Music and rhyme (Week 42)

"For we were spinning out our lines walking on the wire. Hand in hand went music and the rhyme."

When Bernie Taupin wrote those lines for Captain Fantastic and the Brown Dirt Cowboy, he and Elton John were already looking back on a music-and-lyrics partnership that had launched them to stardom. They had caught lightning in a bottle, and it was magical. With that as inspiration, I decided to spend a week trying to make a song, with my son Nic as the music and me as the rhyme.

So...what to write about?


The idea came during a text exchange with Nic. I mentioned that Barrow, Alaska had just seen its last sunset of the decade (on November 19!) and he replied that apparently, the sun does set on the American Empire. I asked if there was such a thing as the "American Empire" and we were on our way.
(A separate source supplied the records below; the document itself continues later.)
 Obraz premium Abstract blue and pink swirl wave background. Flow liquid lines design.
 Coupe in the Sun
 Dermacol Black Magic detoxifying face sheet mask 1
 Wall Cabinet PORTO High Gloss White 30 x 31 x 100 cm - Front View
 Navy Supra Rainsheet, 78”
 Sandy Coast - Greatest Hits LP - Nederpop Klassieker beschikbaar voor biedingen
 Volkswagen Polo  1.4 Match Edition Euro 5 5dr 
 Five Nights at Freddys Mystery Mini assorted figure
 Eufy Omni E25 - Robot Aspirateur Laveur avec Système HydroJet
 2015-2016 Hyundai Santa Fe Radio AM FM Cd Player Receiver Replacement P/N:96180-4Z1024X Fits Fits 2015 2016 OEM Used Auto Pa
After a few disappointing stabs at it, I had something that I thought was workable verse. Here it is:

Wishing Hole

We heard voices calling in the national park
Looking for a leader who was lost in the dark
They shot out a lifeline but it missed its mark
And the slow decline began.

There was nobody lined up at the voting booth
Nobody there who could speak to the truth
And the only one coming was too long in the tooth
And nobody had a plan.

(CHORUS)
Oh, we all thought it would last forever
And the good times would always roll
Then the minute we turned our backs on it all
We fell into the Wishing Hole. 

The forest was echoing “This isn’t fair”
There were choppers and guns that were breaking the air
And all we could feel was a fool’s despair
In the fading light of day.

With everyone shouting that the man is a liar
We threw another log on the glowing fire
And watched the sun set on the great empire
It burned then died away.

So it's a bit of a downer. And it's not really meant to be about any particular empire, but more about the slow decline that any empire is fated to experience. It's also about apathy and the loss of leadership. And I wanted to make some subtle play on a wishing well, which is supposed to fulfil our blind hope that something special will happen based on pure luck and dreaming. Of course, if the well is actually a gaping hole, you run the danger of falling into it.

Bernie Taupin himself once said that he couldn't describe his lyrics as poetry because "that would be an insult to real poets" and I see what he means. But in the same breath, not every poem can be put to song. This would be the test for Nic. I told him I was hearing a Neil Young sorta song, and had "After the Gold Rush" in my head.

The whole process is so invigorating. Besides getting your creative juices flowing, it also builds a wonderful bond with your songsmith partner. Digging a little deeper online, I discovered that I was not alone in this feeling, and that people have connected health benefits, emotional benefits and social benefits to the process of songwriting. It's powerful stuff.

After a few days, Nic had some music for me. I loved it. It's still in early stages, so not as polished as the music he made with his band, Stranded Assets. A caveat here. I'm going to share the link to Nic's song with you, but understand that he does not fancy himself as a singer, and handed that job to his friend when he performed with the band. Anyway, I think he was maybe going for a Neil Young type of falsetto here. But I love the simplicity of the voice matched to a stark piano.

We'll leave it to someone else to fill in the choppers and guns.